▶ [About this exercise] Each line from the one containing "A wide scenic" to the end of the material below is to be restated exactly, with pictures skipped.

▶ [Exercise data]
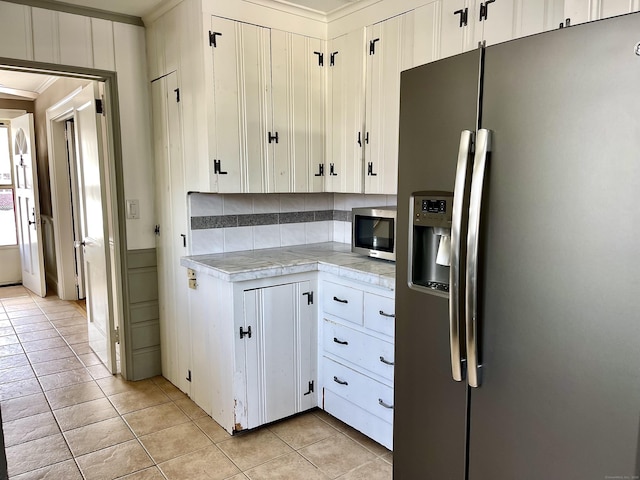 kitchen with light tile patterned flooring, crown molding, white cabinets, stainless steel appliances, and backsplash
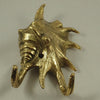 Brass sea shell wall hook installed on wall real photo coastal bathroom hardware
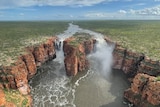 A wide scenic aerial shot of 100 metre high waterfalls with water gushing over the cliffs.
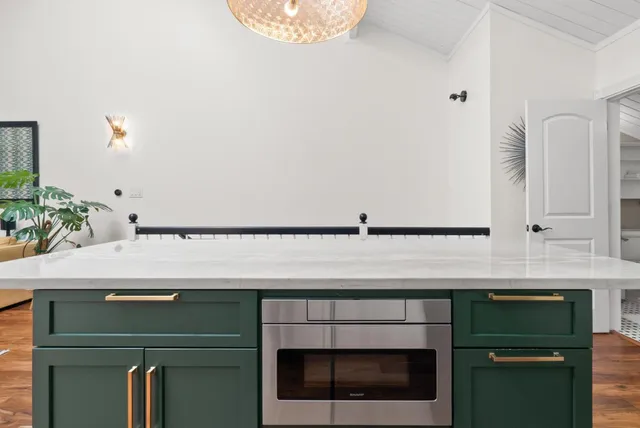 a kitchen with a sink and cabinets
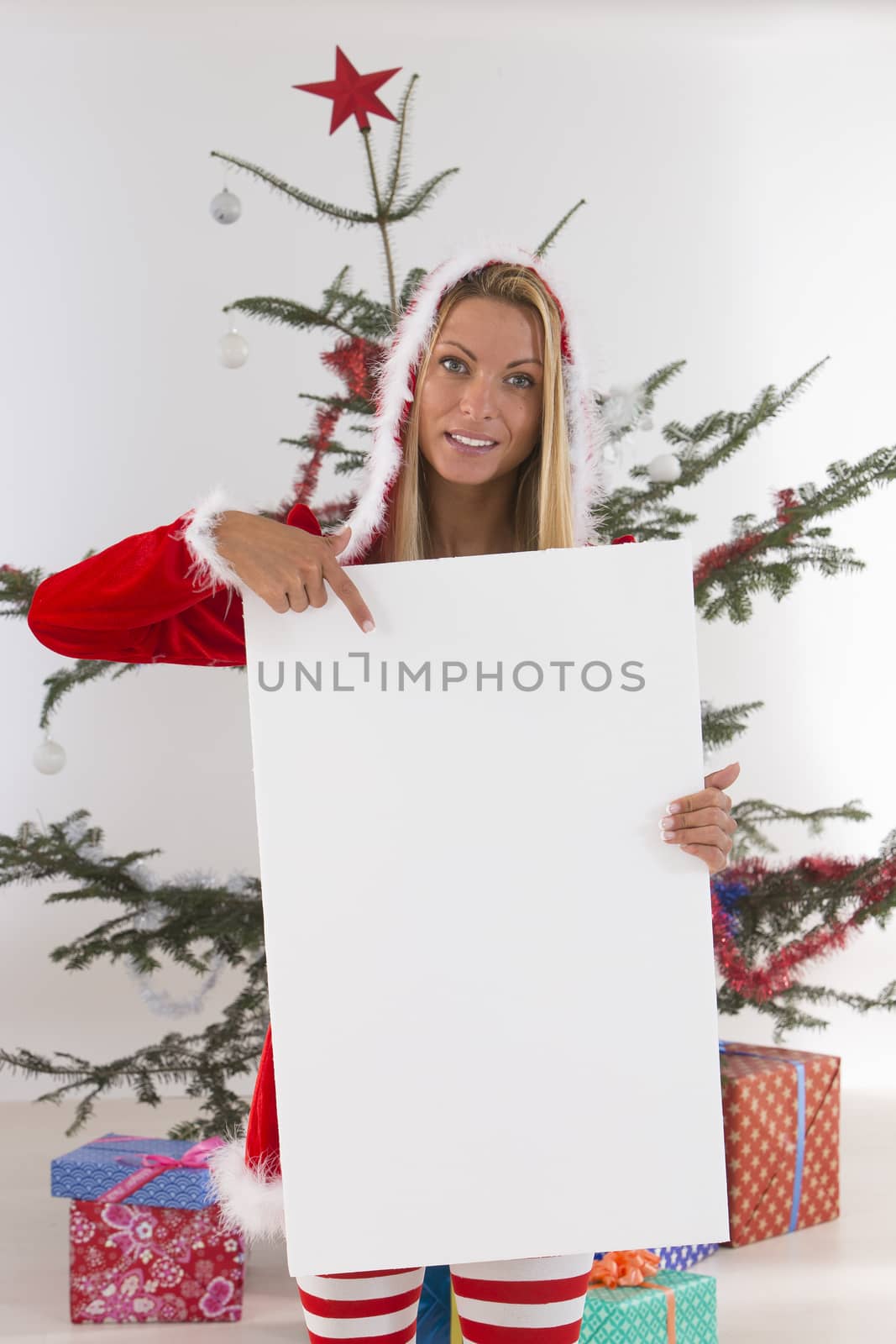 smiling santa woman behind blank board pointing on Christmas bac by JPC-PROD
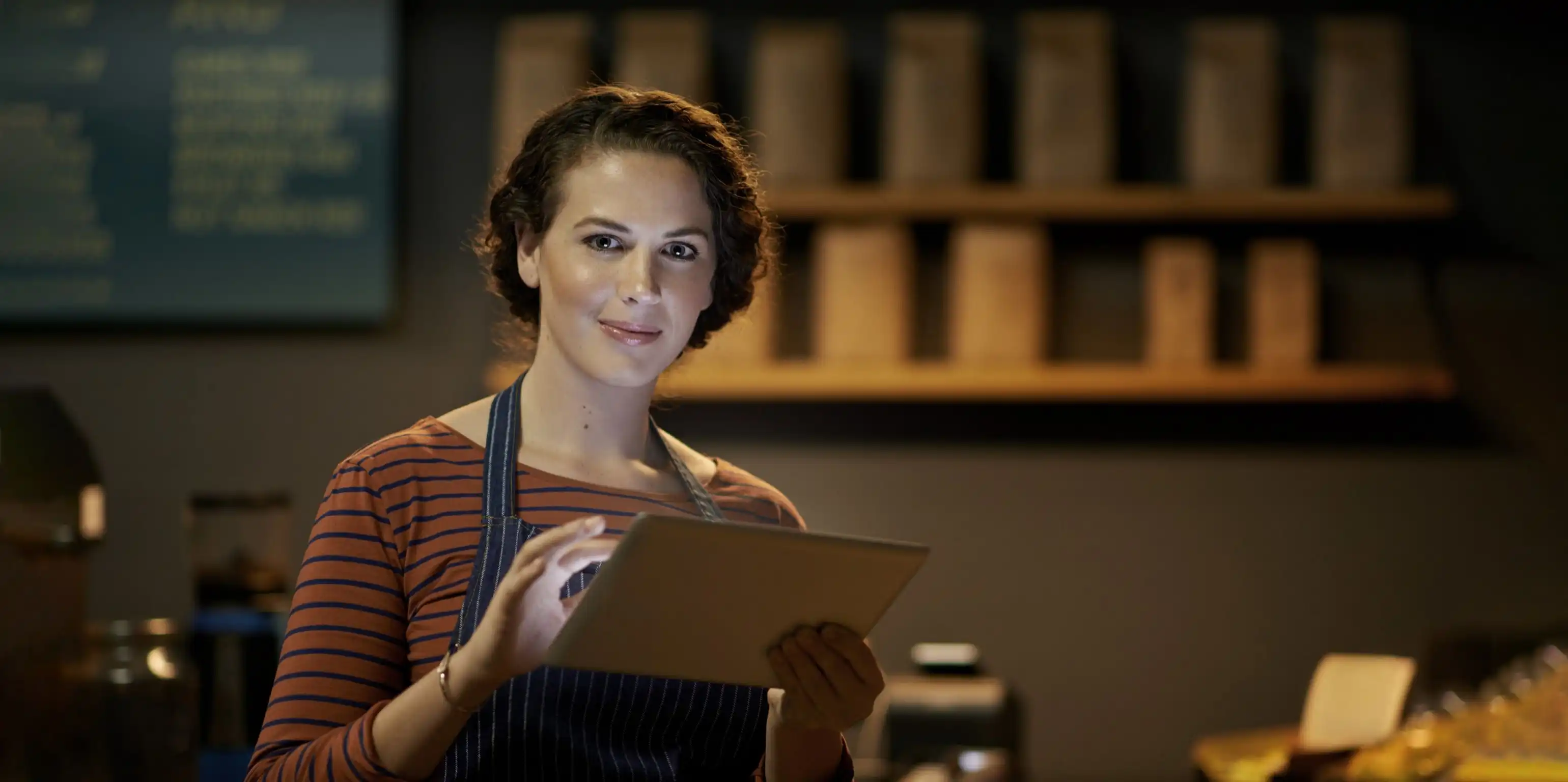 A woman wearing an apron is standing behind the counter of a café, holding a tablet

▶ [Solution to this exercise]
 A wide scenic aerial shot of 100 metre high waterfalls with water gushing over the cliffs.
 a kitchen with a sink and cabinets
 smiling santa woman behind blank board pointing on Christmas bac by JPC-PROD
 A woman wearing an apron is standing behind the counter of a café, holding a tablet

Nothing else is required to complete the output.